How critical would a load–store architecture be to making that late 70s/early 80s "pre-RISC" better than the CPUs Intel and Motorola were cranking out?
E.g. imagine a simpler 16 bit extension of the 8080 than the 8086 was, with basically just more registers and focusing on making instructions execute in fewer cycles but maintaining a register–memory architecture (potentially also removing or simplifying some instructions but I think the 8080 ISA was already pretty minimal)?
> 29000 transistors? But it's the same as an ARM2 which apparently was full 32bit and had an integer multiplier.

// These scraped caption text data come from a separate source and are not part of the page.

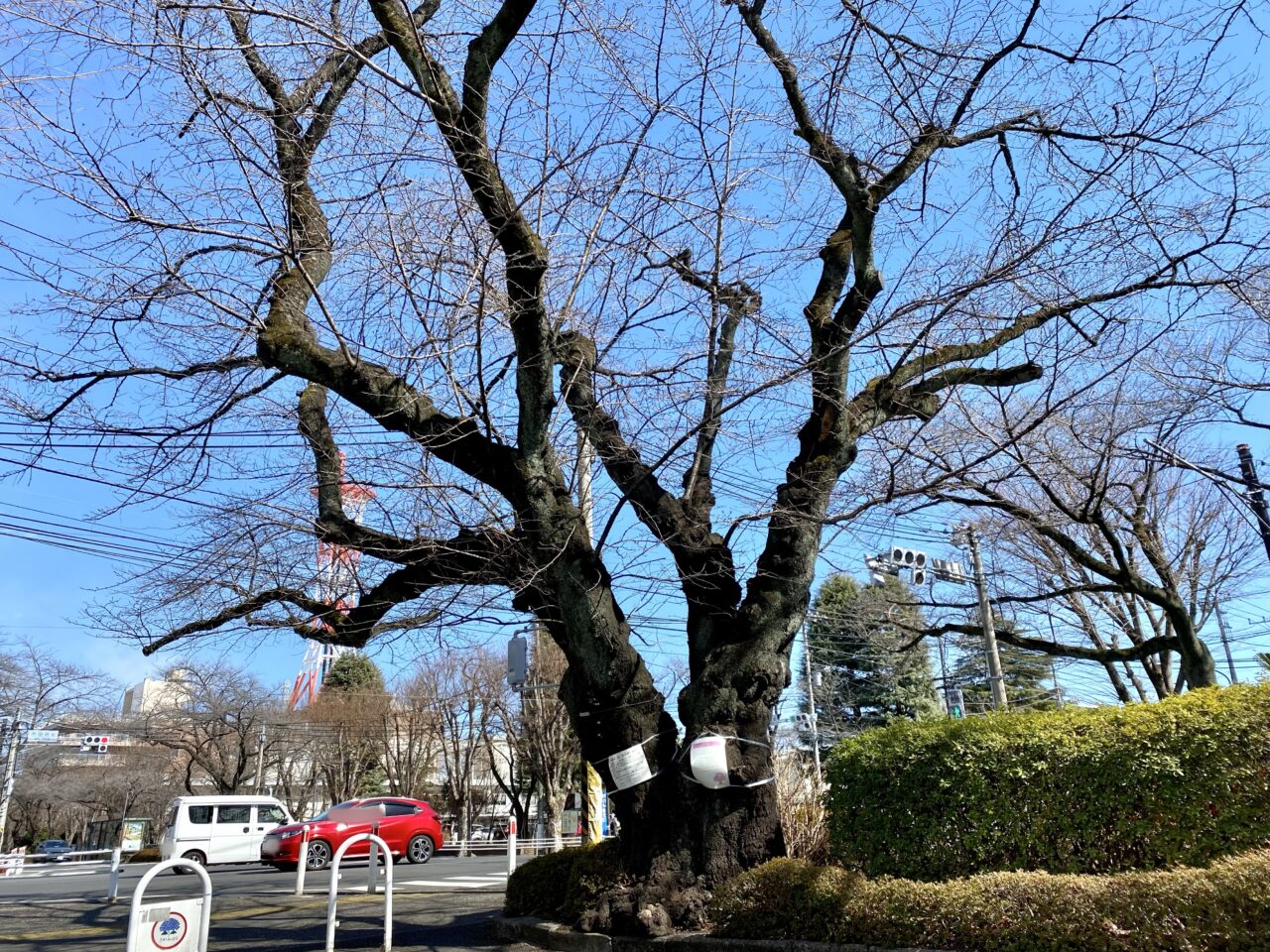 【相模原市中央区】市役所周辺の桜並木にて倒木の危険がある桜を伐採するそうです。約70年まちを彩ってくれた桜の様子をレポート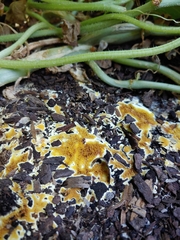 Serpulaceae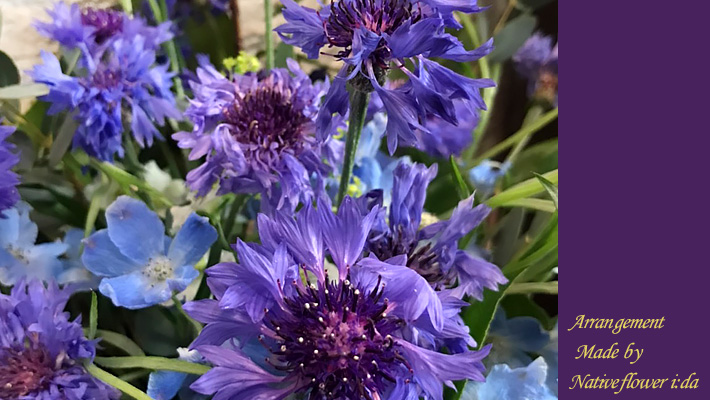 二子玉川の花屋ネイティブフラワーイーダ　古希　喜寿アレンジメント　アレンジメント　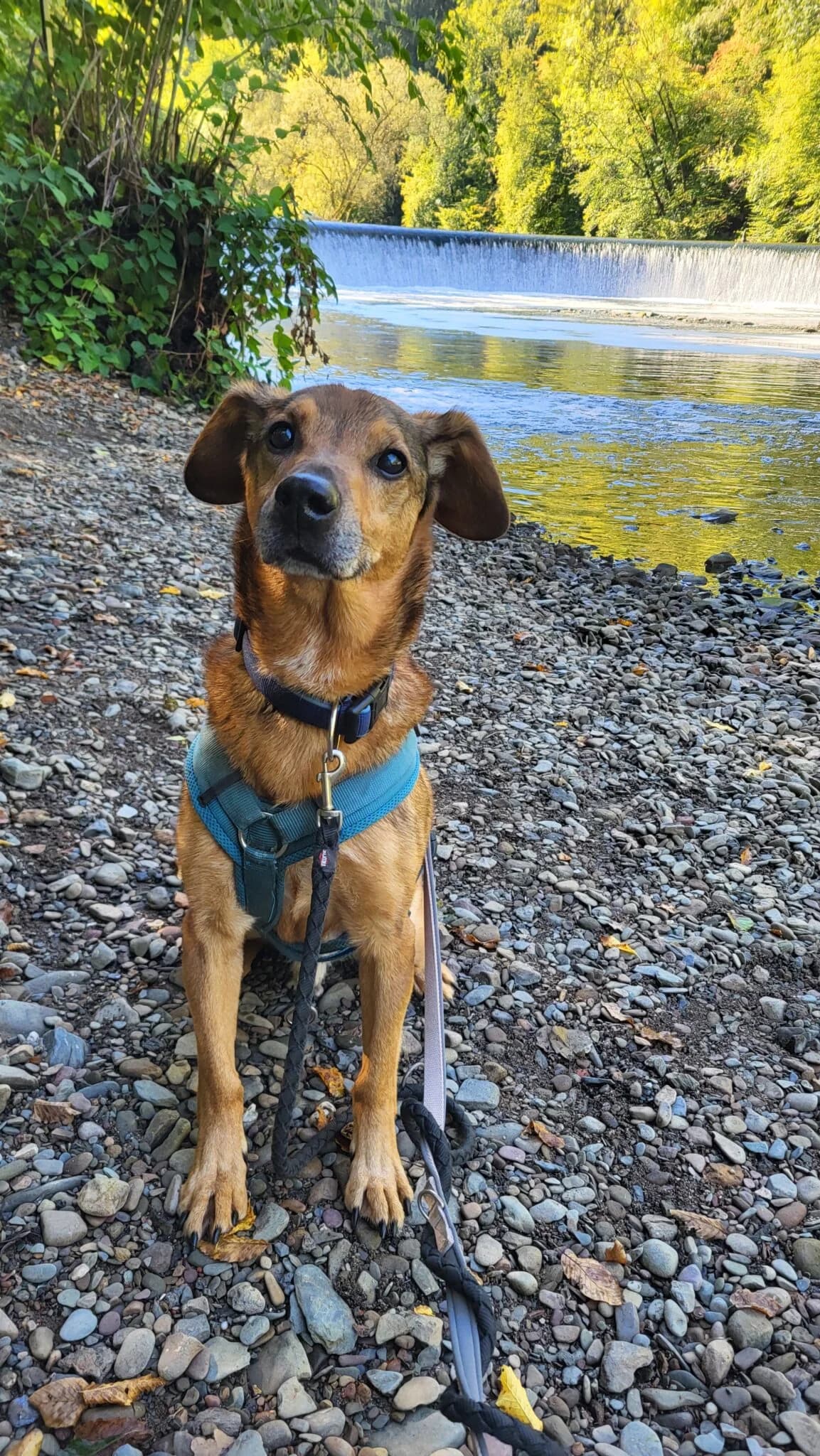 Curti, braun male senior mixed breed for adoption at Tierheim Wuppertal, Wuppertal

It's a very good point. I think it's worth to ask a few questions in return.
How many years separated the two designs?
Does ARM2 support an equivalent ISA, in terms of features (not encoding)?
For instance, the 8086 has support for BCD integers, specialized instructions for loops, the ability to use its registers as 16 bits or 8bits (doubling the register count in the later case).
Conversely, ARM2 had, for example, a barrel shifter, immediate constants, every instruction being conditional, etc., all of which are absent from 8086.
My point exactly. They have different ISA, and as such cannot be compared on the transistor count alone.
They each correspond to a different era, with different needs, as BCD clearly tells.
If today's HW engineers had a chance to implement a small cpu core with the same tr count, would they come up with the same ISA as the ARM1 or 8086? Would they choose to implement integer division (DIV and IDIV in x86), or not and leave it to software (ARM)? Would they pick CISC, RISC, VLIW, or something else?